- Assigned task
Retype every line from the start of the data down to and including the line with "You can then". Skip the pictures.

- Data shown
--

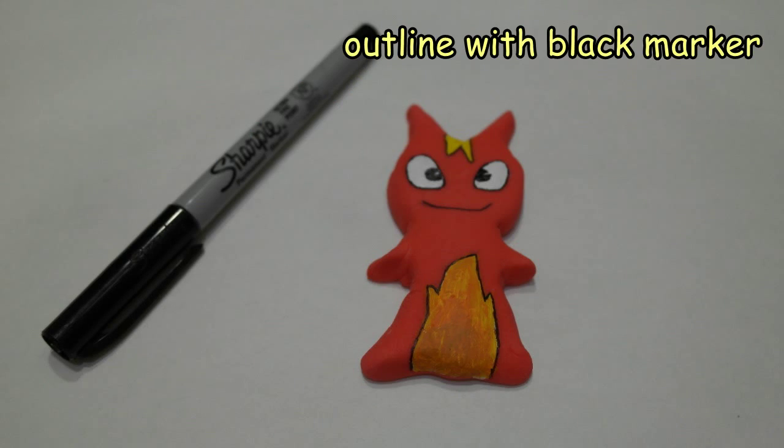Finally, I use a black Sharpie to draw in the pupils on the eyes and also some of the details around the face, and then to outline all the painted parts to bring out the detail.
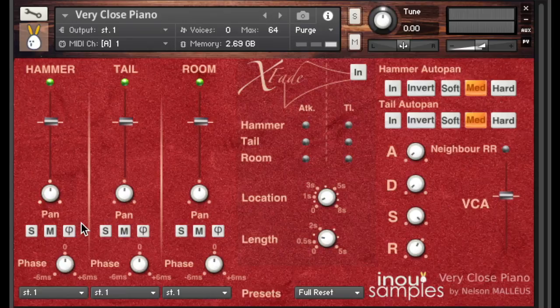You can then move the launching of samples from minus six milliseconds to plus six milliseconds. Six milliseconds is the time that sound naturally takes to travel two meters. Let's see how it works with the hammer and tail microphone positions — I'll pan the hammer left and the tail right. Now, playing with the phase delay, I'll get a wider stereo. You have endless phase possibilities to get exactly the sound you're wishing for.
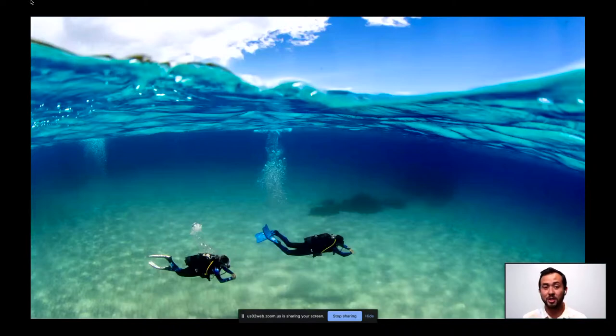Here's another over-under split example, shot in Sardinia, Italy for Aqua Lung — a scuba diving photo. You can see the slight bend and warp of the image at the water line. When shooting this, getting the correct exposure is critical — you can open up a little below water digitally, but you don't want to blow out the cloud detail above. Test, look at your results, and trust your meter.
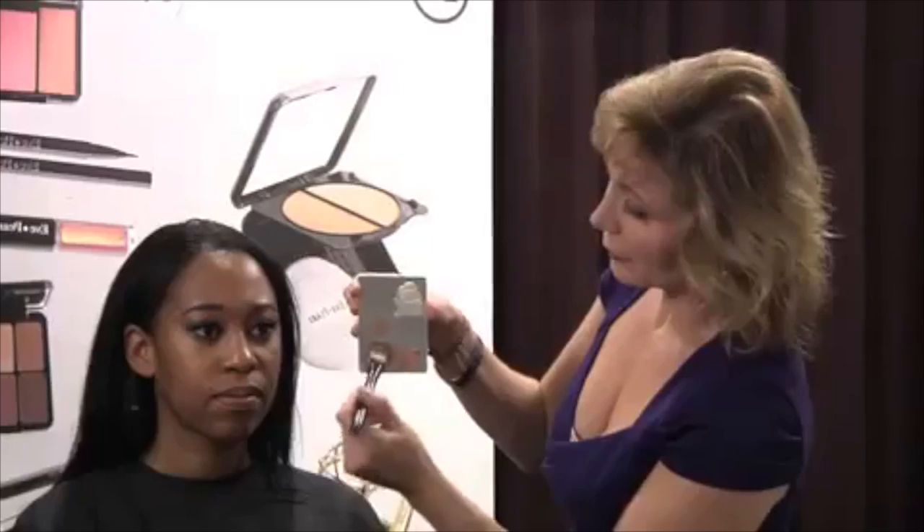This is the dark foundation — side one, side two — and the salmon concealer dark. I'm taking the foundation brush and going to the darker side. I'm going to put that in the T-zone area, where we've always been taught to put the lighter color. I'm putting the darker color right here.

--

- Exercise response
Finally, I use a black Sharpie to draw in the pupils on the eyes and also some of the details around the face, and then to outline all the painted parts to bring out the detail.
You can then move the launching of samples from minus six milliseconds to plus six milliseconds. Six milliseconds is the time that sound naturally takes to travel two meters. Let's see how it works with the hammer and tail microphone positions — I'll pan the hammer left and the tail right. Now, playing with the phase delay, I'll get a wider stereo. You have endless phase possibilities to get exactly the sound you're wishing for.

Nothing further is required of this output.